14 Aralık Cuma günü, uzun zamandır büyük bir kitlenin beklemiş olduğu Hobbit: Beklenmedik Yolculuk filmi vizyona girdi. Haftalar öncesinden biletler alındı ve ilk haftasının biletleri (özellikle IMAX) birkaç gün içerisinde tükendi. Ben de bu film için biletini önceden alan hevesliler içine dahildim ve vizyona girdiği ilk gün IMAX’de gidip izledim.

Bence film muhteşemdi. Hobbit’in bir ön hikaye durumunda olduğu Yüzüklerin Efendisi serisine yapılan göndermeler, kitabın filme uyarlanışı ve tabi ki görsel efektlerle film müzikleri tek kelimeyle harikaydı.

3 boyutlu sinema teknolojisinin olur olmaz her türlü filme uygulandığı bu sıralarda Hobbit, bu teknolojinin mükemmel kullanımına ve bir filmle ne kadar uyumlu olabileceğine çok iyi bir örnekti. İnanılmaz Örümcek Adam filmindeki gibi gereksiz ve filmden alınan zevki körelten bir kullanım kesinlikle yoktu.

Hobbit hikayesinden beklenebilecek bir şekilde komik, eğlenceli, sevimli ve rahat sahneler ile gergin, hareketli, kasvetli sahneler çok iyi bir şekilde harmanlanmıştı.

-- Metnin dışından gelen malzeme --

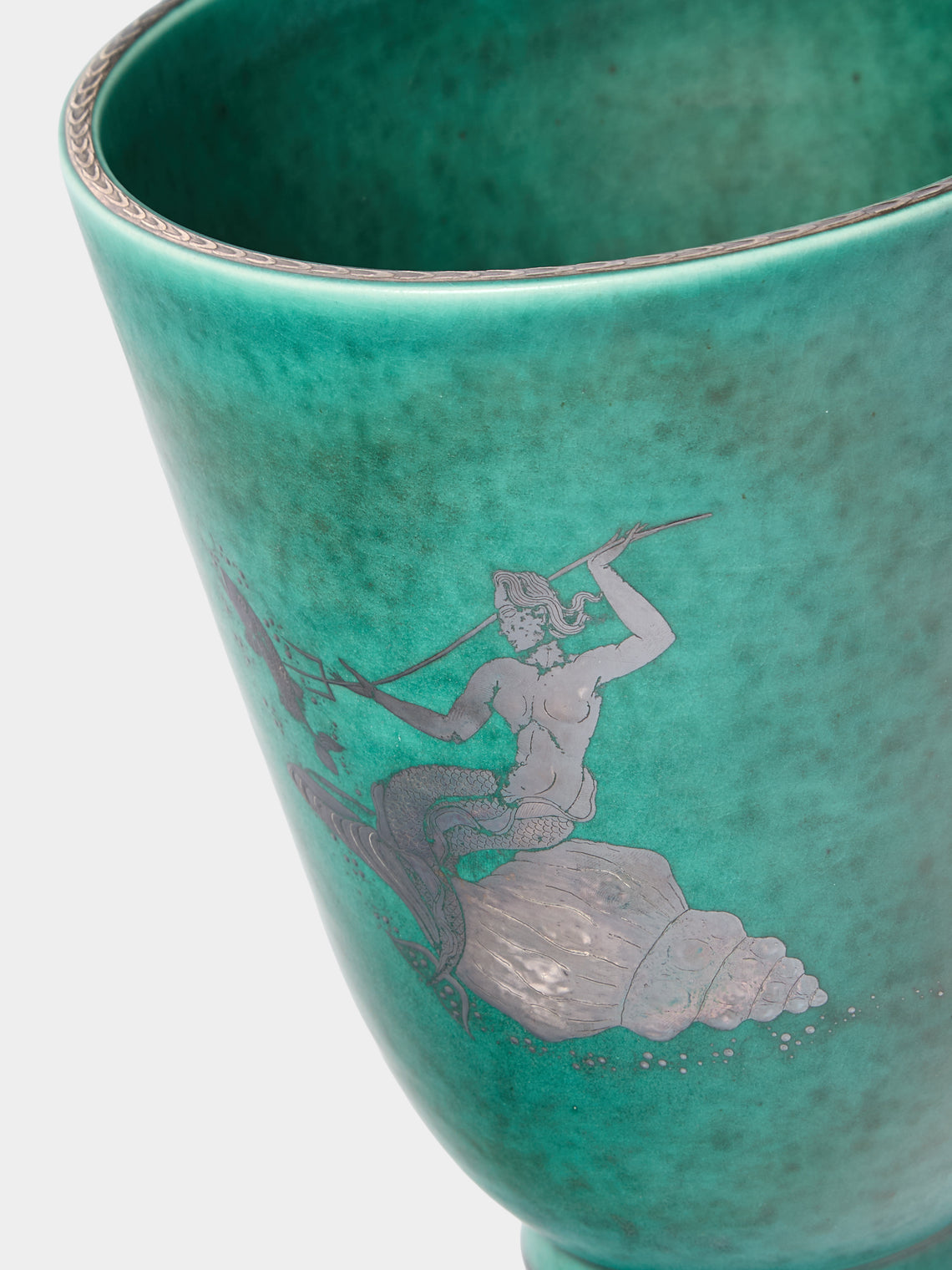 Antique and Vintage - 1940 Mari Simmulson and Wilhelm Kåge Argenta Mermaid No. 2 Stoneware Vase (8in/20.5cm) - Blue - ABASK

Kitaplardan uyarlama yapılan filmlerde, özellikle türü fantastik olanlarda, kafalarda otomatik olarak yapılan “Hangisi daha iyiydi; kitap mı film mi?” karşılaştırması doğal olarak bu filmden sonra da yapıldı. Bu noktada ilk olarak söylemek istediğim şey aslında bu sorunun cevabı subjektif olarak değişkenlik gösterebilir. Şahsen ben bu gibi durumlarda kitaptan daha çok zevk almaktayım; ancak, Hobbit filminde okuyucunun hayalgücünü hayalkırıklığına uğratmayacak ve istediği doyumu sağlayacak görüntüler mevcuttu. Kitaptaki betimlemelere sadık kalınmış hatta betimlemelerin eksik kaldığı çeşitli durumlarda bu tanımlar genişletilmiş ve daha da doyurucu hale getirilmiştir.

Filme gitmek isteyenlere kesinlikle IMAX’den izlemelerini, gitmek istemeyenlere de kesinlikle izlemeyi düşünmelerini tavsiye ediyor ve iyi seyirler diliyorum.